A BPE Tokenizer (Byte-Pair Encoding Tokenizer) is an algorithm that splits text into subword units based on frequently occurring patterns and converts it into a token sequence that an LLM can process. While BPE operates highly efficiently for English, it consumes several times more tokens for the same content in low-resource languages such as Lao, Burmese, and Khmer. This inefficiency not only increases API costs but also directly leads to translation system timeouts and processing delays.
This article is aimed at engineers and tech leads operating multilingual translation systems using LLMs. It explains the mechanism by which BPE tokenizers become inefficient for low-resource languages, and shares practical design countermeasures based on a real Lao translation timeout incident our team encountered.
The efficiency of a BPE tokenizer is strongly dependent on the frequency of a language's appearance in the training corpus; in low-resource languages, byte-level decomposition occurs frequently, causing token counts to balloon. This section digs into the operating principles of BPE and the mechanism by which disparities arise between languages.
BPE (Byte-Pair Encoding) is an algorithm originally developed for data compression, adapted for use in natural language processing. It operates through the following steps:
In English, frequently occurring patterns such as "the," "ing," and "tion" are merged at an early stage, allowing one word to be represented with 1–2 tokens. Japanese hiragana and katakana also undergo a certain degree of merging. However, languages that appear infrequently in the training corpus have few opportunities for merging, and their UTF-8 byte sequences remain as-is.

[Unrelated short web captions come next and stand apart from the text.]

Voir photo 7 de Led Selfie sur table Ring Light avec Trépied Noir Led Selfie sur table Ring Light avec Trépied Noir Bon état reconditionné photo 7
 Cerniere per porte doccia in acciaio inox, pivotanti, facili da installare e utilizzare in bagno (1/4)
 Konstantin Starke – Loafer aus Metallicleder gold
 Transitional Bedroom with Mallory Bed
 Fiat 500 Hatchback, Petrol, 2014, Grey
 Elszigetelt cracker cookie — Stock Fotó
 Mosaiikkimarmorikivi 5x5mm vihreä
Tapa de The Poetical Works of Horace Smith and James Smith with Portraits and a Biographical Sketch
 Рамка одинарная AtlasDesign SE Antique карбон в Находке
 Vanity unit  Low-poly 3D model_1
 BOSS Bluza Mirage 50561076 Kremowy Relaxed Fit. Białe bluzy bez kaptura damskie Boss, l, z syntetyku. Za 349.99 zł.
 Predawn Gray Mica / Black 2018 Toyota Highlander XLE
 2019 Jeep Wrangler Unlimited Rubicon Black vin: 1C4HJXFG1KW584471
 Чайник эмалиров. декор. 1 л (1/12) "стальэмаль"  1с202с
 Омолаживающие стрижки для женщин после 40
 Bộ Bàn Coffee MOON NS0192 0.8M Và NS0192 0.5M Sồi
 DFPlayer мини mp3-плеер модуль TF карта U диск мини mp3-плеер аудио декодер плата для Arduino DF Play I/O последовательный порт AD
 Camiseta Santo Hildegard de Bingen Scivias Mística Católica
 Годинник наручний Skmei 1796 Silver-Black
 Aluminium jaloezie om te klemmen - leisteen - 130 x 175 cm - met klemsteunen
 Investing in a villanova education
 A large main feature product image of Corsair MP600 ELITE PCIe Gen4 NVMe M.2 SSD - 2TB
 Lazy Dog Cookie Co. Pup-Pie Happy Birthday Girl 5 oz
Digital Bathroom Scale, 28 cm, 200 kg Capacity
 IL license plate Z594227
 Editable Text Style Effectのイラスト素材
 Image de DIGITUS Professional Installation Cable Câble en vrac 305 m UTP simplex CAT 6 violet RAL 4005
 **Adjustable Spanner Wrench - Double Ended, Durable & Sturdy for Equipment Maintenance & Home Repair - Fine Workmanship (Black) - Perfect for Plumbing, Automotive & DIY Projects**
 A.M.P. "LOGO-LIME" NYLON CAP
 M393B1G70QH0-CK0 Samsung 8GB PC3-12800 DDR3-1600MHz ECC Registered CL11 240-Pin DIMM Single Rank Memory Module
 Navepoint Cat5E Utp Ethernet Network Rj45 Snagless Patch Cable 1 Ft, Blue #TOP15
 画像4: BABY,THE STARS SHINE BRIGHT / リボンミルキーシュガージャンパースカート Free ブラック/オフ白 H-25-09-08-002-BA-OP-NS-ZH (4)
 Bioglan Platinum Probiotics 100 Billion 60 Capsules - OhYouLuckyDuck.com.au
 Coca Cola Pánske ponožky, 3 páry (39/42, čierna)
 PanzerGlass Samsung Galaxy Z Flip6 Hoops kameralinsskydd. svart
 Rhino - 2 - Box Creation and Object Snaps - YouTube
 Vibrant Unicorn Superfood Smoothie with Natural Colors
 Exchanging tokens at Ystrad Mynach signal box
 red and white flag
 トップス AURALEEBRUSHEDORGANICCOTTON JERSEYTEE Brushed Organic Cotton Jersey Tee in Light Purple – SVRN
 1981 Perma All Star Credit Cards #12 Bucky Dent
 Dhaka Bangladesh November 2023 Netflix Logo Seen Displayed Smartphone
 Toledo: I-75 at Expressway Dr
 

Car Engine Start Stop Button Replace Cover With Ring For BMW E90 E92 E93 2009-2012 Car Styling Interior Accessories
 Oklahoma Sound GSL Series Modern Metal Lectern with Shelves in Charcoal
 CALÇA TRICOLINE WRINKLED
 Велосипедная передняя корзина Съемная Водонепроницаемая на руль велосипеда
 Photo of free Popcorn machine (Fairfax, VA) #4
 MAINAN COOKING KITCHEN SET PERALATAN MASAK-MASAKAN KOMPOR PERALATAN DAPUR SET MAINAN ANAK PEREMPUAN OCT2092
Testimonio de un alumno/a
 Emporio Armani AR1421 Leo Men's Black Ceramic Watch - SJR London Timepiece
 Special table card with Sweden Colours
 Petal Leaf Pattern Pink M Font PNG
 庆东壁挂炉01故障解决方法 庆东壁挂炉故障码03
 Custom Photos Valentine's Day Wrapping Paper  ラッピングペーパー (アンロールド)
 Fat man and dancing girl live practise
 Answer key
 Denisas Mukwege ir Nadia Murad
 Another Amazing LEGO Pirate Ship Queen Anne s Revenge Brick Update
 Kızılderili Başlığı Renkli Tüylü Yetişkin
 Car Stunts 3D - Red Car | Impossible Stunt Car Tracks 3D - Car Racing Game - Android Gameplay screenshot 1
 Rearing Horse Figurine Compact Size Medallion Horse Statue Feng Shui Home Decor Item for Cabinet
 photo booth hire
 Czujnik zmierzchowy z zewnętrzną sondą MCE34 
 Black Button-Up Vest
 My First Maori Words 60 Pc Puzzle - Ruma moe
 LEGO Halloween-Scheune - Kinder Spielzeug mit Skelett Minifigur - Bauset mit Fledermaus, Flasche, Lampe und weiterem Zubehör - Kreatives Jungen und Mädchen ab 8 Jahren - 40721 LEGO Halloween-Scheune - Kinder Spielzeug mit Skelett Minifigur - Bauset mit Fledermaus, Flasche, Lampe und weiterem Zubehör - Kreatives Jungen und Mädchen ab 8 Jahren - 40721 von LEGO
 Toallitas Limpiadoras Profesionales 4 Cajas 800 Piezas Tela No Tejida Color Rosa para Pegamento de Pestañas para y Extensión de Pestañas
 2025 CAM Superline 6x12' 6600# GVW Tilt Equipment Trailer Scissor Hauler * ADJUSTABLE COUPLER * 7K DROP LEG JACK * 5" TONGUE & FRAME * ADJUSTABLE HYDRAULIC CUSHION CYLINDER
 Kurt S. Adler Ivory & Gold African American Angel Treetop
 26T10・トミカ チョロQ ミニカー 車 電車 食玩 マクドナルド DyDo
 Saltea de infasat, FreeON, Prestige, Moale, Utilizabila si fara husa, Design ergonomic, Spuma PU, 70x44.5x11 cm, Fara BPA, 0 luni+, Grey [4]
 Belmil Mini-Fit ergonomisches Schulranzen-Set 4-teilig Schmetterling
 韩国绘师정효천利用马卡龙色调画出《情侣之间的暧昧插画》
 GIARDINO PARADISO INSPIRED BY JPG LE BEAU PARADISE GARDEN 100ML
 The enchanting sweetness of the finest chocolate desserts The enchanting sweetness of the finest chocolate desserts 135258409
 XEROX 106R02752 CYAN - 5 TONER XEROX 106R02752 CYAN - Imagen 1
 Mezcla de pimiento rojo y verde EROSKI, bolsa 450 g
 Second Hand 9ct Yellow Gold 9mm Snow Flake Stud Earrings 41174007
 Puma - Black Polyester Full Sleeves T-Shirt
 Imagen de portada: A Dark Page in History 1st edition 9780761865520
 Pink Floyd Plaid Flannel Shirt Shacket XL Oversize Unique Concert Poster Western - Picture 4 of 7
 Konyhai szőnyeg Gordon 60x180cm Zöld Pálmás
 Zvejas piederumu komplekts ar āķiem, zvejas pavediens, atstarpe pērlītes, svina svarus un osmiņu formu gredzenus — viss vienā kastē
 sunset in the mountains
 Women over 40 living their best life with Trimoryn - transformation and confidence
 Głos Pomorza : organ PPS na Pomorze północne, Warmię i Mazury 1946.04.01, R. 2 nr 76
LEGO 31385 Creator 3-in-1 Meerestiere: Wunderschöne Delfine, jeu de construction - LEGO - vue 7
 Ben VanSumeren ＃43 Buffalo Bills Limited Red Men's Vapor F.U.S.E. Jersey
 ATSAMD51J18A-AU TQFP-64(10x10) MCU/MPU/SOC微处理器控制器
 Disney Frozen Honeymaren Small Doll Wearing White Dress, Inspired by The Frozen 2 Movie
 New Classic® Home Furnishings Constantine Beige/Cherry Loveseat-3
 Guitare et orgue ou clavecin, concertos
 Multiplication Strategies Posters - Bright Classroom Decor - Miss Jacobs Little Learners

For example, the English word "the" is 1 token, whereas the equivalent function word in Lao may be decomposed into 6–9 tokens. This difference translates directly into a difference in processing time and cost.
The low token efficiency of Lao stems from four overlapping structural factors.
1. 3 bytes per character in UTF-8
Lao script occupies Unicode positions U+0E80–U+0EFF, consuming 3 bytes per character in UTF-8. If BPE merging has not progressed, a single character can be decomposed into up to 3 tokens. This contrasts sharply with English ASCII characters, which require 1 byte or less per token.
2. Extremely low frequency in the training corpus
BPE vocabulary is built from large-scale corpora such as Common Crawl, ordered by frequency. The volume of Lao text available on the internet is orders of magnitude smaller than English, meaning that dedicated merged tokens for Lao are likely nearly nonexistent. As a result, byte-level fallback decomposition becomes the norm.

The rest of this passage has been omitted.